Ex-Alberta Premier Peter Lougheed, verging on 80 and widely cherished as the grand old man of western Canadian politics, came out of retirement last week to warn that the country is about to face a clash of provincial authority against federal that could tear it to pieces.
Since Lougheed has never been given to excessive alarmism, the warning – delivered before the annual meeting of the Canadian Bar Association?attracted much press attention. Well it might, for the point at issue cuts to the core of the economic deal that brought the Canadian confederation into being.
It also throws into jeopardy the production output of the Alberta oil sands, which are rapidly becoming America’s leading and hitherto most dependable source of fossil fuels.

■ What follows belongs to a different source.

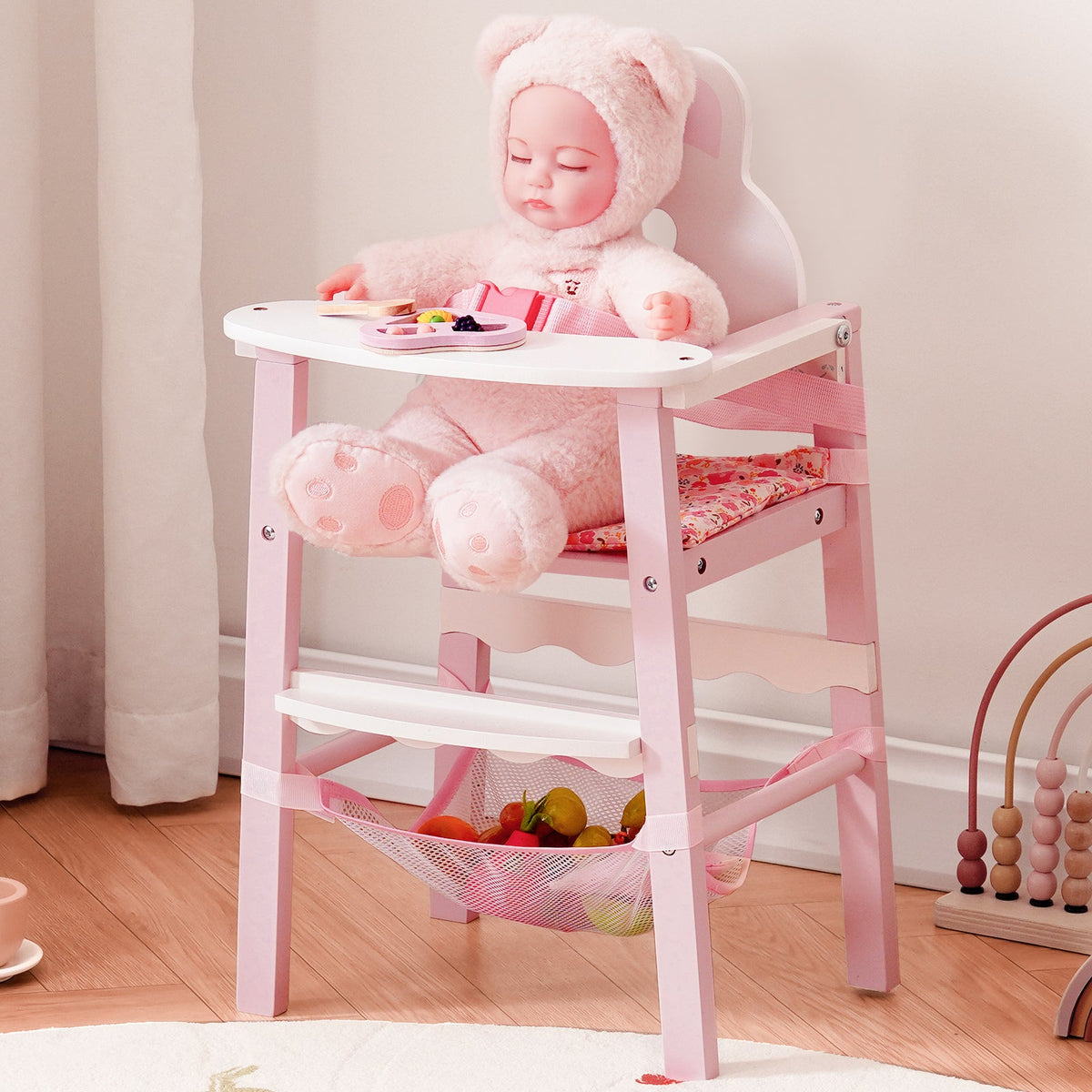 Young girl in pink outfit laughing beside ROBUD 18 inch Doll High Chair with adorable bunny design sitting on pink rug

Under the Canadian constitution, negotiated in the 1860s as a statute of the British Parliament, the provinces, not the federal government, were given control of natural resources. There were only four provinces at the time – Ontario, Quebec, Nova Scotia and New Brunswick. Soon two more were added: Prince Edward Island on the Atlantic side and British Columbia on the Pacific.
Manitoba gained provincial status then too – at first as a tiny, “postage stamp province” at the eastern end of the vast Canadian prairie. But with Manitoba a distinction was drawn. Ottawa retained control of its resources. When Saskatchewan and Alberta came into being as “prairie provinces” in 1905, the same discrimination applied.
The three “prairie provinces” were established as de facto colonies of Ontario and Quebec, which supplied them with manufactured goods from industries protected by high tariffs. In return, the West sent its grain East to feed and fatten livestock or for export to Britain.
Not until 1929 did the three prairie provinces finally win control of their resources, the privilege extended to the others from the beginning. With the 1950s, however, a great change began. Oil had been discovered in Alberta and with it natural gas in incalculable volumes. When OPEC was formed in the 1970s, astronomically increasing the price of oil, Alberta began a boom, acquiring in the process an unbecoming wealth, highly offensive to the long dominant central provinces. But what could be done? Under the constitution, the oil and gas belonged to Albertans, not to Canadians.
The answer of the Liberal Trudeau government in the early 1980s was the “National Energy Program,” under which Ottawa simply defied the constitution, invaded the province’s jurisdiction and imposed taxes on the resources it didn’t own. The man who defended the province against this onslaught was Peter Lougheed. A secessionist movement broke out in Alberta at the time that drew thousands out to rallies in Edmonton and Calgary. It eventually resolved itself into the Reform Party, later into the Conservative Party, which ex-Reformer Stephen Harper led to power in Ottawa.
But now, Lougheed prophesied last week, Ottawa will use its environmental authority to gain jurisdictional control of the tar sands, forcing a showdown with Alberta “10 times greater” than the fight over the National Energy Program.
“The issue is there front and center, and coming to a head. I think the issues we saw before – and I was involved in many of them – were important. I don’t minimize them.” But “they aren’t even close,” he said, to the coming move of the federal government into the provincial jurisdiction via environmental control.
“My surmise is that we’re going into this constitutional legal conflict soon. This is strong stuff. National unity will be threatened, if the court upholds federal environmental legislation and causes major damage to the Alberta oil sands and our economy.” (That the Supreme Court will uphold the federal authority over the provincial can be regarded as a foregone conclusion. The federally appointed Supreme Court has almost never favored the provinces when a federal-provincial conflict came before it.)
“The government of Alberta, with its acceleration of oil sands operations,” said Lougheed, “will in my judgment be seen as the major villain in all this in the eyes of the public across Canada.”
The chief beneficiaries of this acceleration are of course the American consumers who buy the oil that the tar sands produce, and the people of Alberta who are experiencing by far the biggest economic boom in their history. An Ottawa invasion of the Alberta industry would, in other words, directly threaten the American oil supply. The American government has never bought into the thinking that produced the Kyoto Treaty. The Canadian government has. Lougheed has predicted the consequence.